A third of (31%) office workers admit being unproductive for at least ten hours every week, equivalent to over one working week each month.
A report commissioned by office products firm Fellowes asked 1,000 workers how employers could improve productivity and found that almost two-thirds (61%) of office workers believe a four-day working week would make them more productive. A further half of workers admitted they are unproductive for up to an hour every day. It was also revealed that 40% believe they would be more efficient working remotely.
Despite being the fifth largest economy in the world, the UK sits 15th in the productivity table, lagging behind the likes of Sweden (31 hours p/w), Denmark (27.2 hours p/w) and Norway (27.3 p/w) AppleWebData who all work, on average, less hours per week than Brits (32 hours p/w).
Many experts believe it’s time to look towards Scandinavian countries like Sweden – who recently trialed a six-hour working day – where employees have more flexibility to choose when and where they work. One of those people is world-leading productivity expert, Grace Marshall.

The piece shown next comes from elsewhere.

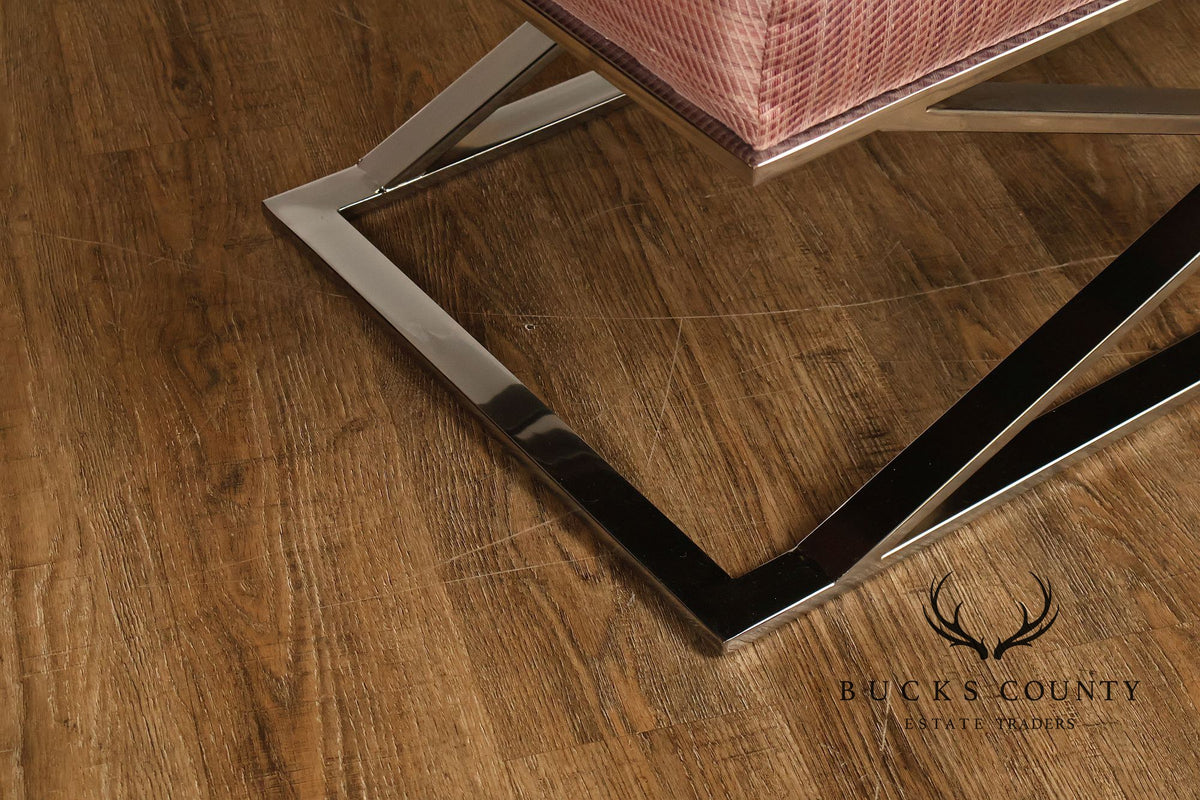 Milo Baughman Chrome X-Base Bench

Author of How to be Really Productive; Grace Marshall and productivity expert at Think Productive said,
“We’ve found that a four-day work week increases momentum and motivation in the office, as well as giving employees more time to enjoy life outside of the workplace
“It is our ability to think well that increases the quality and value of our work, not how many hours we show up at the office. In fact, working longer hours can diminish our productivity as well as our wellbeing.”
The report also found that office equipment was also hampering worker output with a quarter of people claiming they have missed a deadline because they couldn’t get their hands on the right equipment in time.
Almost half (43%) of people surveyed admitted are distracted up to 15 times a day, with the average worker getting distracted every 35 minutes.
Grace Marshall added “Being distracted diminishes our ability to think clearly and creatively. Many office workers find they get far more work done in the day they work from home, or the hour before everyone else gets into the office – because they have less interruptions and distractions. Flexibility allows us to manage and balance the needs of our colleagues and deliver the work we need to get done.”
Fellowes UK Sales and Marketing Director Darryl Brunt added:
“It’s clear that our workplace has a huge effect on our productivity and our report shows a real need for businesses to take heed. Making small changes to employee’s work station comfort can reap rewards for their wellbeing and their working life. Employees who feel more productive working from home shouldn’t be forgotten either, everyone should be given access to the right products to ensure they can work well.”
As part of its Working Well campaign, Fellowes, which is celebrating 100 years in the office product industry, aims to create an office environment which allows employees to reach their full potential.